= Assignment =
When you reach the line containing "网络代码构建现代信息社会的基石" in the entries below, start writing out each line exactly, and stop after the line containing "مستقبل نوفا حافظة".

Source records:
::::::::

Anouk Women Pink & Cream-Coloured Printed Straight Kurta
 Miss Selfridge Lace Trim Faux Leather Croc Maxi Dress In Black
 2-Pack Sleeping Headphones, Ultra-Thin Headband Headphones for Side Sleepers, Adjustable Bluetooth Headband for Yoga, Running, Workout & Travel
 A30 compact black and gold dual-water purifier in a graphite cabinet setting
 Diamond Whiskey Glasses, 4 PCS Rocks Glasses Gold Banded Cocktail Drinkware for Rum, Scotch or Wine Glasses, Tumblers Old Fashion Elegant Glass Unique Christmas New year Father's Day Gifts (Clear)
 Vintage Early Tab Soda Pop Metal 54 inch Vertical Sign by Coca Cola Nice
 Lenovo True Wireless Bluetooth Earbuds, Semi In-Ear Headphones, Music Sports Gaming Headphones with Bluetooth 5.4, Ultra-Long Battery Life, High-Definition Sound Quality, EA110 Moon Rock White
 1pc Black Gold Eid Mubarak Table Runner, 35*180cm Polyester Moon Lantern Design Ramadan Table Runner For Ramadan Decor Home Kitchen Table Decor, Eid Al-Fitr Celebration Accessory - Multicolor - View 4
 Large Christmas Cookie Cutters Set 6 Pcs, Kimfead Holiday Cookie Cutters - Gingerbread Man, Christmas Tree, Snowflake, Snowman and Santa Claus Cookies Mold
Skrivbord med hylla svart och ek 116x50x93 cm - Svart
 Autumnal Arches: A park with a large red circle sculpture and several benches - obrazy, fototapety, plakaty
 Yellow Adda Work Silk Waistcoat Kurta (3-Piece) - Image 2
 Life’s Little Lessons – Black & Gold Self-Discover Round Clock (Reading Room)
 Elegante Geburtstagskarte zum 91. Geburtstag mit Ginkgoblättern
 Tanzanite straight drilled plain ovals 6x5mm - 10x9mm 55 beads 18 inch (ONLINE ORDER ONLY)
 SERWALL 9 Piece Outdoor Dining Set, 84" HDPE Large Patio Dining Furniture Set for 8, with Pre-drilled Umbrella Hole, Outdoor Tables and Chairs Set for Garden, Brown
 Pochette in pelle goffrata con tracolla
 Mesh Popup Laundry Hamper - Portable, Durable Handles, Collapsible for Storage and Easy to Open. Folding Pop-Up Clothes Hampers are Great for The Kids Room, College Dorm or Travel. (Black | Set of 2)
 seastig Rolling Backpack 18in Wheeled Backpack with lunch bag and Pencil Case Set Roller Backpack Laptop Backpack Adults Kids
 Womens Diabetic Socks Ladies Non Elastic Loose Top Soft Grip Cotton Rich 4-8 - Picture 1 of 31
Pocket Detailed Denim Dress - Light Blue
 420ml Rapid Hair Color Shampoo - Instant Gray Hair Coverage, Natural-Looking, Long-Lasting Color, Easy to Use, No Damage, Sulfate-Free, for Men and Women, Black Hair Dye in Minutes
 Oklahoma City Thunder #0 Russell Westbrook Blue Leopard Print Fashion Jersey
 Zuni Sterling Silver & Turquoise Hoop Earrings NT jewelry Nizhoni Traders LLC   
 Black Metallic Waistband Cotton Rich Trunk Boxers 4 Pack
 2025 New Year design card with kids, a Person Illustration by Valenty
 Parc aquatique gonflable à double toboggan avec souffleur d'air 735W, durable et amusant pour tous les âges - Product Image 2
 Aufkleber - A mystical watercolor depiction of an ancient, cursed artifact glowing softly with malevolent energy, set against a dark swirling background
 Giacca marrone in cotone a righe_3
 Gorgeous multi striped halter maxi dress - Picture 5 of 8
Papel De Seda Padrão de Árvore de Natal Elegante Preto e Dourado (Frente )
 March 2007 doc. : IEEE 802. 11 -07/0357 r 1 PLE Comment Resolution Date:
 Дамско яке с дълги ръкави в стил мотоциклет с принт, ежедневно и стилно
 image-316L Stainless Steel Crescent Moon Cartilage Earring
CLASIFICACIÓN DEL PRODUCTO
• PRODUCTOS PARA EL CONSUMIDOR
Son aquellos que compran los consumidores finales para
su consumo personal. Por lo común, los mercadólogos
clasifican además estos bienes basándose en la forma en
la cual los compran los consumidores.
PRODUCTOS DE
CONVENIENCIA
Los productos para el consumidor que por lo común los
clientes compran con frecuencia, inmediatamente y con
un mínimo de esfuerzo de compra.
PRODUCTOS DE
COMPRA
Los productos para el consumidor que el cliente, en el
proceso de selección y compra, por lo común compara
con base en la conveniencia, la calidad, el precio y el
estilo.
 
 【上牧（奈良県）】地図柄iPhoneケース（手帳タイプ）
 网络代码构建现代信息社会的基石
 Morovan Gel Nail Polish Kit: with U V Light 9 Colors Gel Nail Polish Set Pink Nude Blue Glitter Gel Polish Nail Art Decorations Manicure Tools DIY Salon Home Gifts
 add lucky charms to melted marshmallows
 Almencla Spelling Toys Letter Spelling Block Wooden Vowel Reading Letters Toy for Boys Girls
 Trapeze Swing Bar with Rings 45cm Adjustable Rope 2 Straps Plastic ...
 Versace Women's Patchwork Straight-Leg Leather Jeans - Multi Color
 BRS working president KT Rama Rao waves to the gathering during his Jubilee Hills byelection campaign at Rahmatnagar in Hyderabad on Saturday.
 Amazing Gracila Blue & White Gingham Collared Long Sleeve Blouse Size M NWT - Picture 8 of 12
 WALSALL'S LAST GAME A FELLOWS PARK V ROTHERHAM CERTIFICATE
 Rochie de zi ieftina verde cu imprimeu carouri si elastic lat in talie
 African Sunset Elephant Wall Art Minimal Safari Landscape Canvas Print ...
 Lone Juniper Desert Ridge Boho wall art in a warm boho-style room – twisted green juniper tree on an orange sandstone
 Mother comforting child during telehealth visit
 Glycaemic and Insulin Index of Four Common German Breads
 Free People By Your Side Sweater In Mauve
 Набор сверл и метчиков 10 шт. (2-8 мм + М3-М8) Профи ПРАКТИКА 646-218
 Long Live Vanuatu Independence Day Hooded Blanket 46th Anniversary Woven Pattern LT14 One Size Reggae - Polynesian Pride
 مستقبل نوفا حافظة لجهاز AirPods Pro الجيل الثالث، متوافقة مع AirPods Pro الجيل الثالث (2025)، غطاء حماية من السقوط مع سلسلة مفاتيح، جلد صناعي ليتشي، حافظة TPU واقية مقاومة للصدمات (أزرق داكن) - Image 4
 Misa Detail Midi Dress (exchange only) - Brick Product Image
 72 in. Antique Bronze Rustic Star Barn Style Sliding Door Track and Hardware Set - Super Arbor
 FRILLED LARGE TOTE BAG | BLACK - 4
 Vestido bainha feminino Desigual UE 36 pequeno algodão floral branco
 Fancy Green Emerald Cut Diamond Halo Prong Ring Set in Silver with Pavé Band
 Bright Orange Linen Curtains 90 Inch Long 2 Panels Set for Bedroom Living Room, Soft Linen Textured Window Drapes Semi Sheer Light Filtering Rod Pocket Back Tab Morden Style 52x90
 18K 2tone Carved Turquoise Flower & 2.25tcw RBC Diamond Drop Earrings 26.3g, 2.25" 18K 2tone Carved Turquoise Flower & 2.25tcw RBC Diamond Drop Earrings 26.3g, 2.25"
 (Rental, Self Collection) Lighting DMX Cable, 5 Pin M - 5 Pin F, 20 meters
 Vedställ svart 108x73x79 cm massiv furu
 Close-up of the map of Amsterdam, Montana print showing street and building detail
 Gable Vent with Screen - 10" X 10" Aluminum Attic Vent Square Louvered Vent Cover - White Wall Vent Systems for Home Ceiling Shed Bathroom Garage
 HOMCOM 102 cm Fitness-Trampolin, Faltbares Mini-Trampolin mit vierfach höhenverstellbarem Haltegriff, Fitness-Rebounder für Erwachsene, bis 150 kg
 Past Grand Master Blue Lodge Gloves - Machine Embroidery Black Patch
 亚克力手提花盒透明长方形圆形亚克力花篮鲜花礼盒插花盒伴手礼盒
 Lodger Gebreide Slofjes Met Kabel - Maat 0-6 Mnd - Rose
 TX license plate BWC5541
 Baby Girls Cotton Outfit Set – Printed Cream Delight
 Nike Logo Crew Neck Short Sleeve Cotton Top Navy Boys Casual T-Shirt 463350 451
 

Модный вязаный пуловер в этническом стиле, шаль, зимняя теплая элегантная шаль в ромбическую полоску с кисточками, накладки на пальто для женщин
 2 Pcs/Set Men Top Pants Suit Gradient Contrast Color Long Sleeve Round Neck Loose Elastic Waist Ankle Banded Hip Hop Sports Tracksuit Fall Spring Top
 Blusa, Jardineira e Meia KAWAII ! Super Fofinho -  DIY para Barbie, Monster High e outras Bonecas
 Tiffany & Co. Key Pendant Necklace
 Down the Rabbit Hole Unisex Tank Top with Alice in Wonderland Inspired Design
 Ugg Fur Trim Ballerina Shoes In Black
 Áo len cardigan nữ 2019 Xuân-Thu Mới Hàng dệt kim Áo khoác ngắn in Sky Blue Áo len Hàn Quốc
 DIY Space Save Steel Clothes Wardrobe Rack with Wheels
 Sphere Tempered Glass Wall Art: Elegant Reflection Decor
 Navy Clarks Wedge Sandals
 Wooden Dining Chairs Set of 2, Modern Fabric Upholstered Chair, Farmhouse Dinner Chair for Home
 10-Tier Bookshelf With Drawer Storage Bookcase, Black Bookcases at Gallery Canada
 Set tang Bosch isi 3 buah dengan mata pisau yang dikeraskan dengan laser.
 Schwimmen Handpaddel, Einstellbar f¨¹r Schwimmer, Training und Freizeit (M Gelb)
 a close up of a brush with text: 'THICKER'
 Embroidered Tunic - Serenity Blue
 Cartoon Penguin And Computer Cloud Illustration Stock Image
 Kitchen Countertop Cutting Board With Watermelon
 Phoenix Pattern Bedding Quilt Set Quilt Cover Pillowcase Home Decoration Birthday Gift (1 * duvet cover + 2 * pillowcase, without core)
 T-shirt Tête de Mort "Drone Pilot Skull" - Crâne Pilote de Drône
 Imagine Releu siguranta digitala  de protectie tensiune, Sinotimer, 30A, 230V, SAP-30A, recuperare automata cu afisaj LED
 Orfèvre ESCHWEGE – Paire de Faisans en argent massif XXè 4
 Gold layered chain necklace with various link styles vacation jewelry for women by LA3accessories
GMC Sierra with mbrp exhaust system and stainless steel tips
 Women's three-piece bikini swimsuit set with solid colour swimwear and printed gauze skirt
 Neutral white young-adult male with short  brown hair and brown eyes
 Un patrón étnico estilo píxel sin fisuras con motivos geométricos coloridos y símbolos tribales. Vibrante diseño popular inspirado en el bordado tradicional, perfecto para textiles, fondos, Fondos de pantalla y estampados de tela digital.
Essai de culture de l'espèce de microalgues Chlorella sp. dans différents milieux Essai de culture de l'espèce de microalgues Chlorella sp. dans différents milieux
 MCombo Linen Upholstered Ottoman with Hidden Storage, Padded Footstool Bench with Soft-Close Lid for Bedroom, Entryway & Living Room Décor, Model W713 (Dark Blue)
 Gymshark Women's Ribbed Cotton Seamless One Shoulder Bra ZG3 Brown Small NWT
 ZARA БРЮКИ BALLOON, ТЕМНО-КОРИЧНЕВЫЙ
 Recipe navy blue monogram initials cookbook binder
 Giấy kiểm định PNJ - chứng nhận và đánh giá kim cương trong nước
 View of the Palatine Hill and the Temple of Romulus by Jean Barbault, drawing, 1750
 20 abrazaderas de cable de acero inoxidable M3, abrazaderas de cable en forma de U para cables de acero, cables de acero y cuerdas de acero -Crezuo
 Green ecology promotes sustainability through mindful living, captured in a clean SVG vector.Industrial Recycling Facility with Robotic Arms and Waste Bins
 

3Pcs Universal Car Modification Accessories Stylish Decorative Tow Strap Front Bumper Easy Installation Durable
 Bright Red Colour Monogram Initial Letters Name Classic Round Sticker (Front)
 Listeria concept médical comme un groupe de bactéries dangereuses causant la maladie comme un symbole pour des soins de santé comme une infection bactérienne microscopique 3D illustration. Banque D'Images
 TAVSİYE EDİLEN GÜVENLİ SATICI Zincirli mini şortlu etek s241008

::::::::

= Task response =
 网络代码构建现代信息社会的基石
 Morovan Gel Nail Polish Kit: with U V Light 9 Colors Gel Nail Polish Set Pink Nude Blue Glitter Gel Polish Nail Art Decorations Manicure Tools DIY Salon Home Gifts
 add lucky charms to melted marshmallows
 Almencla Spelling Toys Letter Spelling Block Wooden Vowel Reading Letters Toy for Boys Girls
 Trapeze Swing Bar with Rings 45cm Adjustable Rope 2 Straps Plastic ...
 Versace Women's Patchwork Straight-Leg Leather Jeans - Multi Color
 BRS working president KT Rama Rao waves to the gathering during his Jubilee Hills byelection campaign at Rahmatnagar in Hyderabad on Saturday.
 Amazing Gracila Blue & White Gingham Collared Long Sleeve Blouse Size M NWT - Picture 8 of 12
 WALSALL'S LAST GAME A FELLOWS PARK V ROTHERHAM CERTIFICATE
 Rochie de zi ieftina verde cu imprimeu carouri si elastic lat in talie
 African Sunset Elephant Wall Art Minimal Safari Landscape Canvas Print ...
 Lone Juniper Desert Ridge Boho wall art in a warm boho-style room – twisted green juniper tree on an orange sandstone
 Mother comforting child during telehealth visit
 Glycaemic and Insulin Index of Four Common German Breads
 Free People By Your Side Sweater In Mauve
 Набор сверл и метчиков 10 шт. (2-8 мм + М3-М8) Профи ПРАКТИКА 646-218
 Long Live Vanuatu Independence Day Hooded Blanket 46th Anniversary Woven Pattern LT14 One Size Reggae - Polynesian Pride
 مستقبل نوفا حافظة لجهاز AirPods Pro الجيل الثالث، متوافقة مع AirPods Pro الجيل الثالث (2025)، غطاء حماية من السقوط مع سلسلة مفاتيح، جلد صناعي ليتشي، حافظة TPU واقية مقاومة للصدمات (أزرق داكن) - Image 4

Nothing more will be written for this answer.